In a market where the average UK woman is a size 16, yet only 1.13% of models across all 4 key international catwalks were plus size, where according to the Extra Costs Commission, 75% of disabled customers, have left a shop because of poor service of access, at a risk to loss of earnings of £420m a week by British retailers, we have to assess what is being done to meet the needs of the market. Especially in light of the recent news of shop closures across high street stalwarts, such as House of Fraser and Marks and Spencer, and changes to brand identity by John Lewis/Waitrose.

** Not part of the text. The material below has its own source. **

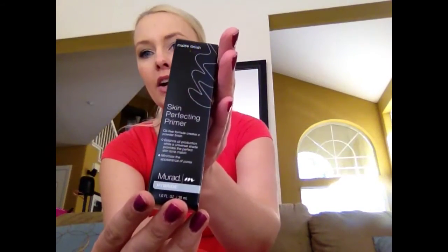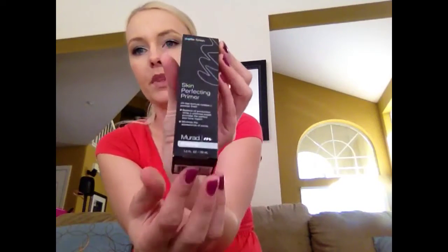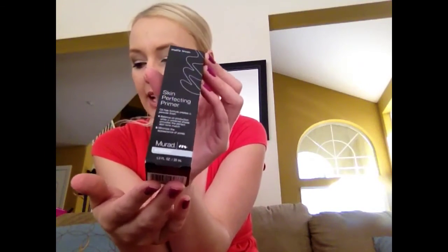This is by Mirad and this is called their Skin Perfecting Primer Matte Finish, and it's one fluid ounce. I got this because I had a gift card to use at Massage Envy and I really don't like massages, so I went in to buy product. They had the whole line of Mirad products and I had seen a review a while back on YouTube — I don't remember who it was from — but they had mentioned this product as being one of their top three primers they've ever used, but I knew it was really expensive.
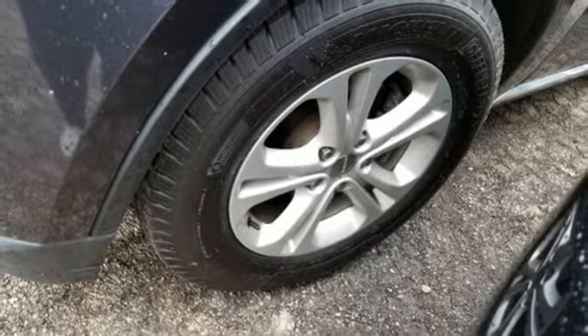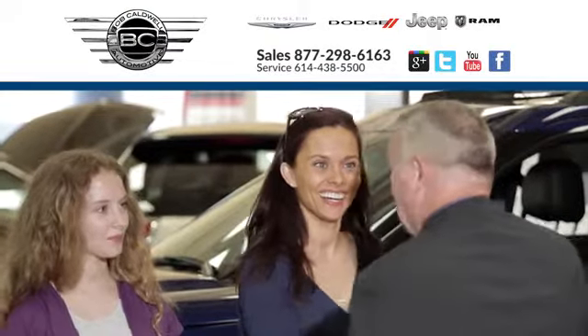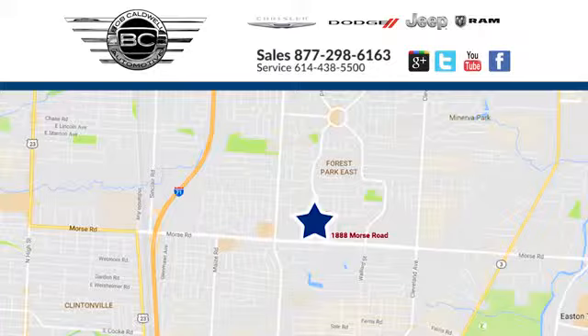see it for yourself today. At Bob Caldwell Chrysler Jeep Dodge, we're a dealership you can trust. We're conveniently located at 1888 Morse Road in Columbus, Ohio.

At our Body Image and Identity Politics event, model  Kelly Knox (@ItsKellyKnox) stated that “diversity is not a trend, it is the NOW!” She called on the industry to wake up, as not only to address inclusion, but also as it is good for business, exactly as Fashion Roundtable have been advocating across our social media. “The purple £, is the largest untapped market in the UK brands are missing £249bn because they don’t market to disabled customers.” Read Kelly’s article for The Huffington Post on this topic here.

Fashion Roundtable advocate an inclusion rider for the industry: to connect with our audience, our community and support a more representative industry which reflects better thought through fashion design back out our consumers.

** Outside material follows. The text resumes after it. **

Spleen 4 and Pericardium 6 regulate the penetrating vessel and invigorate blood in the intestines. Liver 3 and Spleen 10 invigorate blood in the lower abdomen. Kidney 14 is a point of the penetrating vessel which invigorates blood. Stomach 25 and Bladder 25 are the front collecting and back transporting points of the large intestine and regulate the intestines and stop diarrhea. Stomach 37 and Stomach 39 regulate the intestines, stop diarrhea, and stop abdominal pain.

Not only does fashion and the entire creative industries sector have to address structural inequities, seeking to place women in the board rooms and across all levels of a company, but also fashion has to address its wider representation narrative. We can ride high on the success of Virgil Abloh’s Pride catwalk brilliance at Louis Vuitton Homme’s recent catwalk show, but his success is just one aspect of our inclusion rider: one gay POC at a major Paris fashion house, is not a sea change. It’s one person with the world watching. For true transparency across the talent pipeline, the issues of education cost, background, identity, class, gender and ethnic background, as well as accessibility and let’s not forget maternity leave and the pay deficit to working mothers until the end of their careers, for choosing to have children, all have to be addressed, and fast.

Imagine a fashion industry where inclusion was the core of its work ethic: it would not only create appeal to their target markets with more exciting offers, as our data shows, it would generate more business returns.